The Laramie Project Sound Design
Concept and Approach
The Laramie Project is the story of the aftermath when an innocent young man was beaten to death because of his sexual preference. This story is relevant because it reminds us that we need to accept other people no matter what their differences. It shows us that people still care when a crime is committed and will support one another when surviving a horrific act. It reminds us that a single occurrence can affect the entire nation not just one little town.
Initially for sound, I was going to reproduce specific sound effects that would enhance the time and places during each moment of the show. Short sound clips would be used like birds outside, raindrops, dishes inside the diner, and people singing in church. But after re-reading, listening to rehearsals, and discovering the actual tempo and speed of the show, I felt it would be unwise to add another element that was presented in pieces. My revised approach was to find instrumental music appropriate to the moments in the play that gave us backgrounds that helped to tie the show together – perhaps running through more than one moment. In discussions with the director, it was determined that guitar music was the closest representation of how she saw the show. We decided that the section in Act 3 that requested live music for the song Amazing Grace would indeed be live guitar music played by one of the actors onstage. The challenge then was to find recorded guitar music that evolved in its song in the same manner that the moments in The Laramie Project did and time them to match up appropriately. I would try to find instrumentalists that are similar in style so that the overall feel is cohesive. The pre-show, intermissions, and post-show music would be songs appropriate for the time period. In my research, I discovered many songs written by artists specifically about this event, and it was decided that these songs could be used for pre-show, intermission, or post-show. After attending more rehearsals and playing music in the background, it was determined that the absence of music was a very powerful tool also. There are several short sections throughout the play that are more powerful without background music so it was cut accordingly. Also, act 3 is set in the courtroom several times and this sterile environment became more intense without background music. After the live guitar music at the beginning of scene 3, it also seemed inappropriate to reintroduce recorded guitar music into the show so we continued without music until the final moment of the play. This production evolved as a play that used music as a powerful background tying pieces together, but became as powerful in its absence of background music at other times.

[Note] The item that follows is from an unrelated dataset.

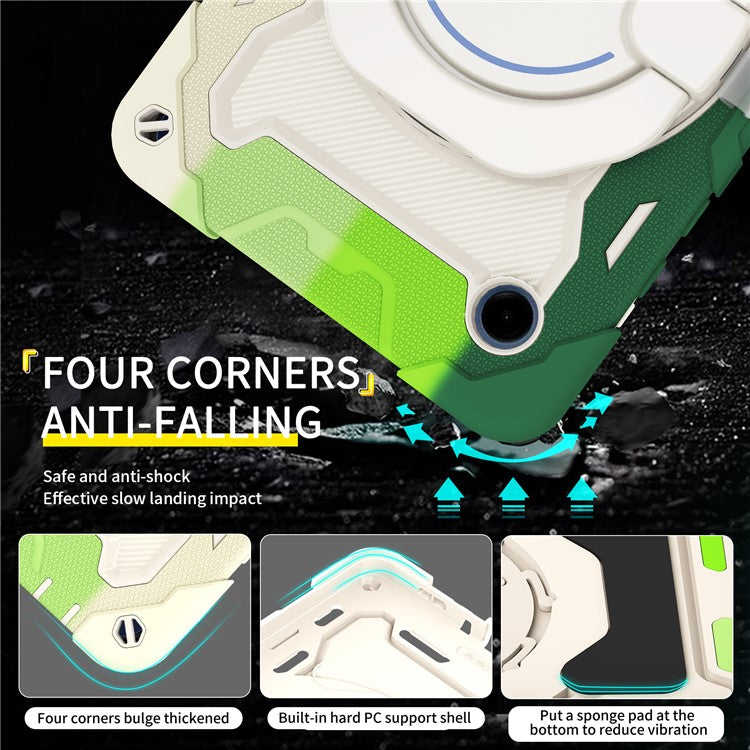 For Samsung Galaxy Tab A9 Tablet Case PC+Silicone Cover Kickstand - Colorful Green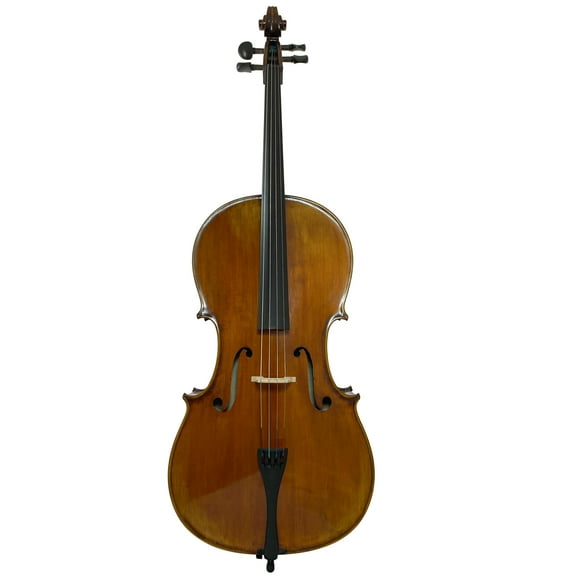 DLuca Flamed Cello Outfit With Ebony fittings And Antique Finish, 1/2 Size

All of the music in The Laramie Project, are as the songs were originally recorded except when the length of the piece fell short in time for an appropriate stopping point or changed drastically not matching the scene. If short, then I would cut and paste additional sections of the song into itself where it sounded like it could repeat using the Sound Forge program to accomplish this. Some music cues are sections of the song, not necessarily the beginning, and have been repeated as needed for time.